There has been a recent social experiment in revolt against “statism”, so we can learn as to what might happen when grass-root forces are unleashed. “To rebel is justified” – in 1966 Chairman Mao encouraged attacks on virtually all of the existing party apparatus, and this rebellion extended to all forms of authority: parents, teachers, doctors, scientists, musicians, artists and intellectuals of every kind. The Red Guards did a thorough job – though with some collateral damage, a few million dead, and countless physical and psychological violence.
The third comment, and the reason I bring up the “video” in a diplomacy setting, deals with the final and summing up statement: “American exceptionalism shall prevail”. This assertion is preceded by ample footage of US soldiers gaining honor by defending the “American way of life” around the globe.
I’ll grant that the authors of the video may only dimly understand what “American exceptionalism” stands for.
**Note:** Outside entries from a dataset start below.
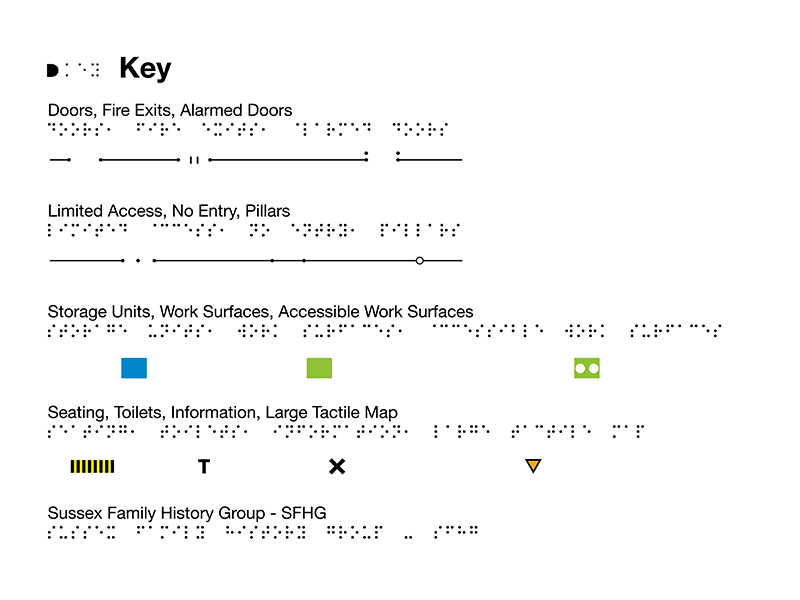 Braille / tactile key for the A3 map, for The Keep.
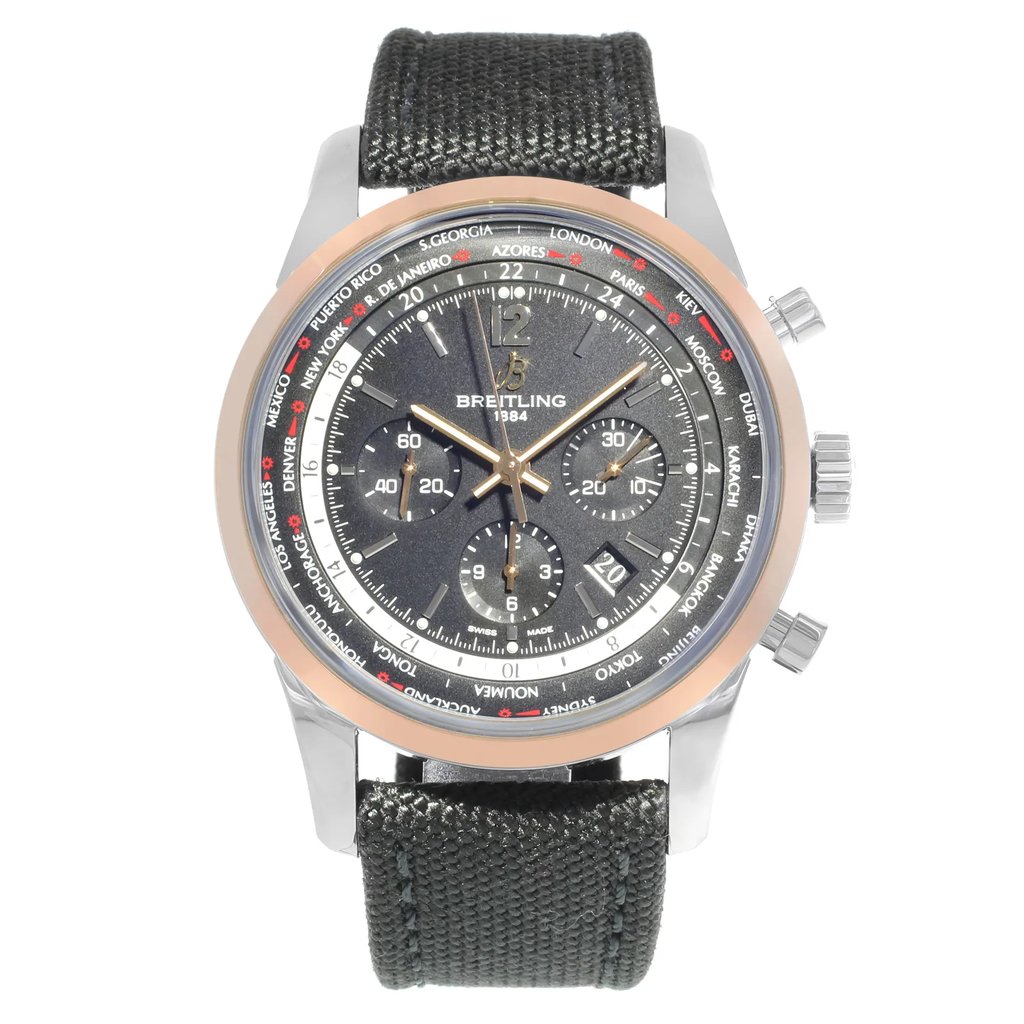 Front Full View Of Breitling UB0510U4/BC26-100W Stainless Steel Watch Display Model Condition {Product Condition}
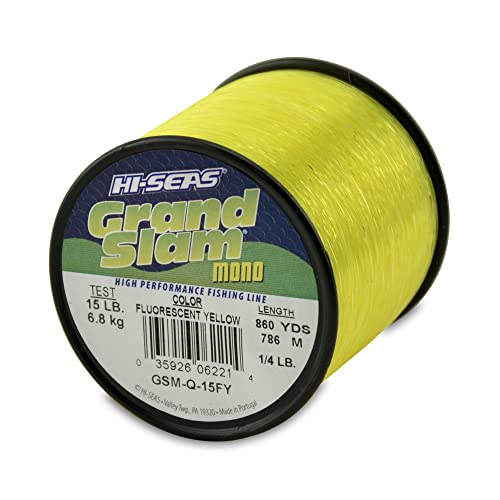 HI-SEAS Grand Slam Monofilament Fishing Line - Strong & Abrasion Resistant in Clear, Pink, Green, Smoke Blue, Fluorescent Yellow Freshwater & Saltwater – Quarter Pound Spool - color: Flourescent Yellow, style: 15 Lb Test, 0.40 Mm Dia, 860 Yd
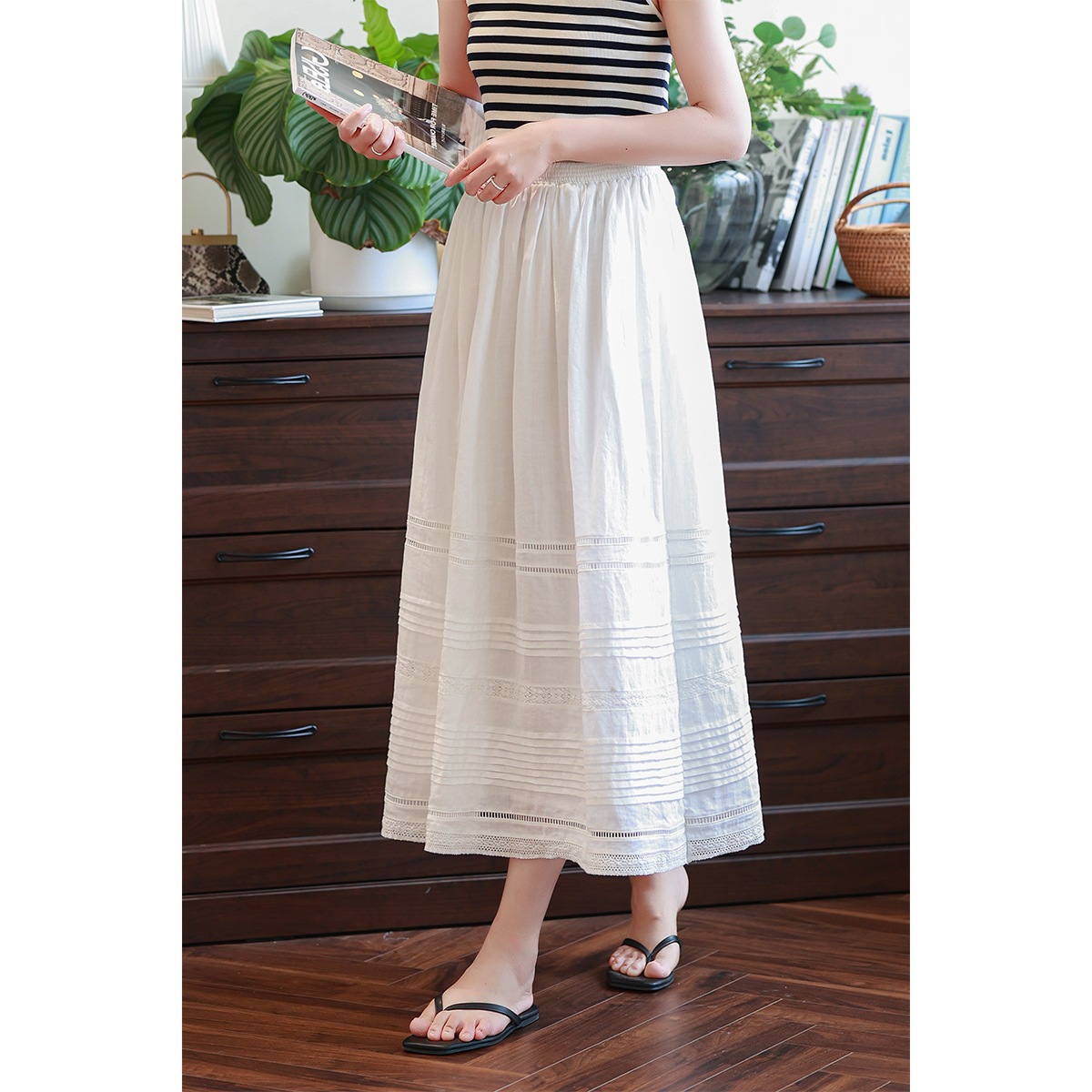 Reject sultry light light high waist hollow embroidery lace white ramie A- line long skirt large swing skirt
Located at the other end of the foreign policy spectrum from cosmopolitanism and internationalism, exceptionalism recalls imperialism without “white man’s burden”. It is a stance that divides the world into the antagonistic duality of “them” and “us”. The former lose it, the latter have it – and those who “defend” gain honor (I’ll leave open whether defense is displaced aggression).
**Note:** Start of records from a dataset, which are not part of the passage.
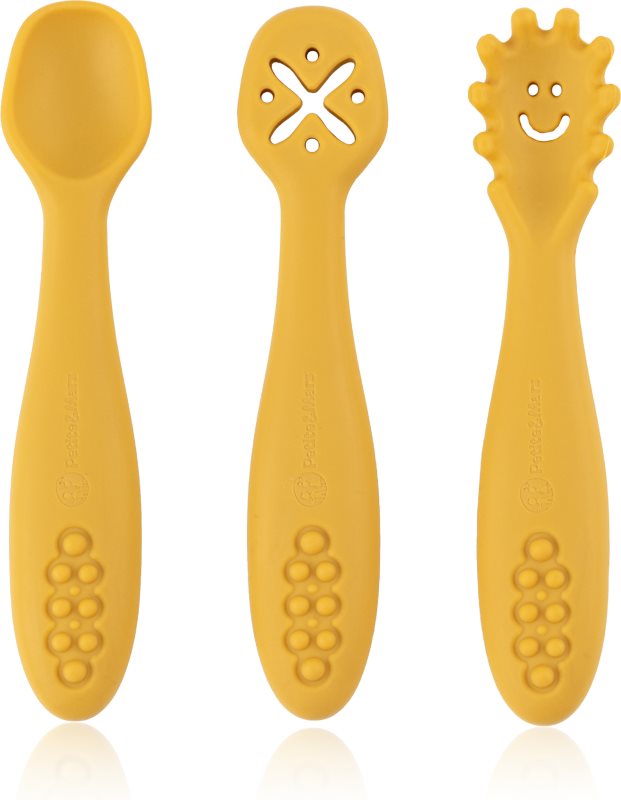 Petite&Mars Take&Match 6m+ linguriță pentru copii Intense Ochre 3 buc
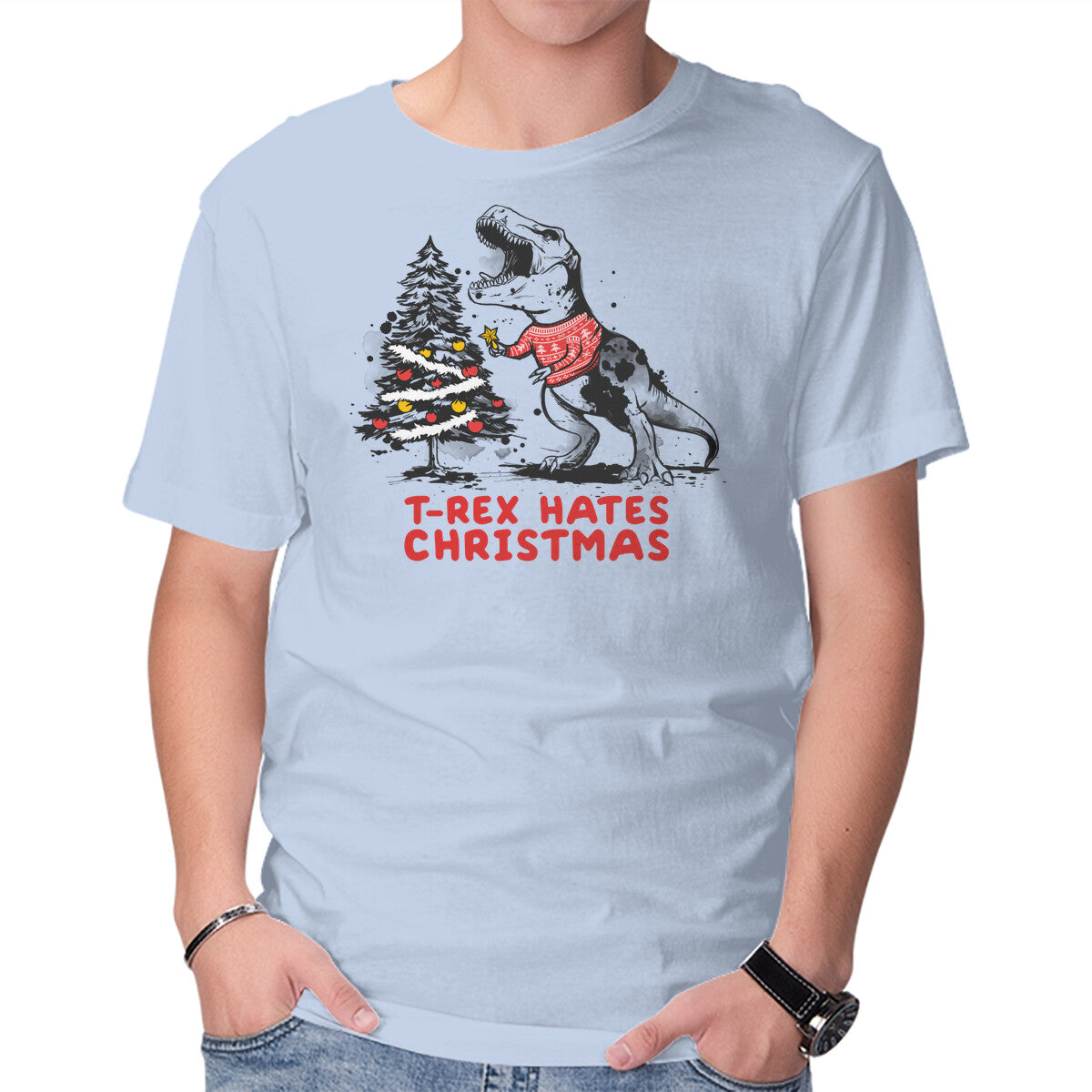 Unisex Crew Neck T-Shirt T-Rex Hates Christmas Graphic Short Sleeve Casual Tee XL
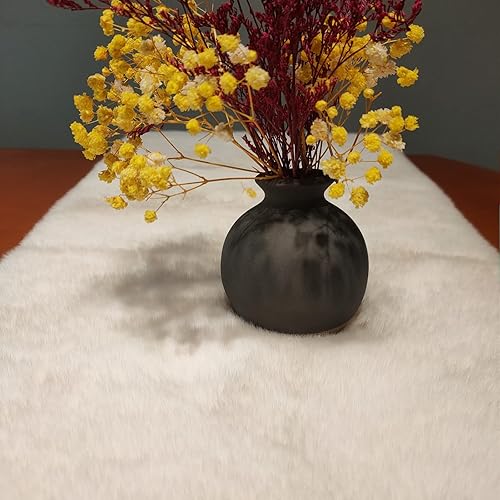 Miniatura 8 de Camino de mesa decoración de mesa de comedor de piel sintética blanca leche para invierno hogar fiesta tocador cumpleaños Navidad Acción de Gracias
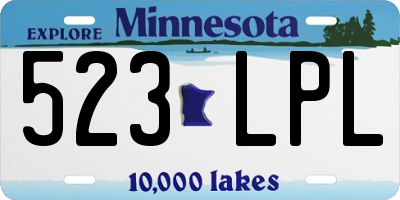 MN license plate 523LPL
Military honor is inextricably combined with violent humiliation of the “other”. While we may never be able ever to design a “just” society – whether at the national or the world level – we may aspire to a “decent” one. A decent society is one that – in the words of Avishai MARGALIT – does not humiliate. To have the Marines and the Navy Seals pop up anywhere in the world as soon as “they” sense danger for American exceptionalism, would be humiliating. No “world society” can go on for long with this kind of imbalance. If power corrupts, powerlessness does too, and the strong feels free to break rules, the weak will do so with the deadly desperation of one who has nothing to lose.
I’ve put “they” in inverted commas, for the current evolution in US policy appears to be moving increasingly toward covert activities – be they in the military or the electronic sphere. With it goes lack of accountability – worldwide, at home, or even within the executive branch. The Unified Executive Theory may, in the case of the US, lead to a two- or even multi-tier government without accountability – when coupled with explicit or implicit delegation of power (which facilitates deniability). With it also goes the debasement of official or public diplomatic discourse, which is downgraded to “discretionary” or interlocutory (i.e. until the Seals silently strike).
Cold War brought open posturing along a well-defined “Iron or Bamboo Curtain”. It was frightful, but it brought stability. The “war on terror” might be mutating into a “war for exceptionalism” – by means more foul than fair, but foremost: covert, and without frontlines. When governments feel authorized to launch “covert activities” anywhere in the world – as long as they can deny involvement – instability will mount. And with instability comes the risk of miscalculation.
Meanwhile, war has become a spectator sport. The citizenry (whose sons were once drafted into war, and died, or returned to tell a tale of horror) is now regaled with “arcade-style war games”. They cheer on. This is war at second remove – seemingly bloodless, for it is the blood of the humiliated that it is spilled.
 Avishai MARGALIT (1996): The decent society. Harvard University Press, Cambrisdge, Mass.
 David KEEN (2008): Complex emergencies. Polity, London.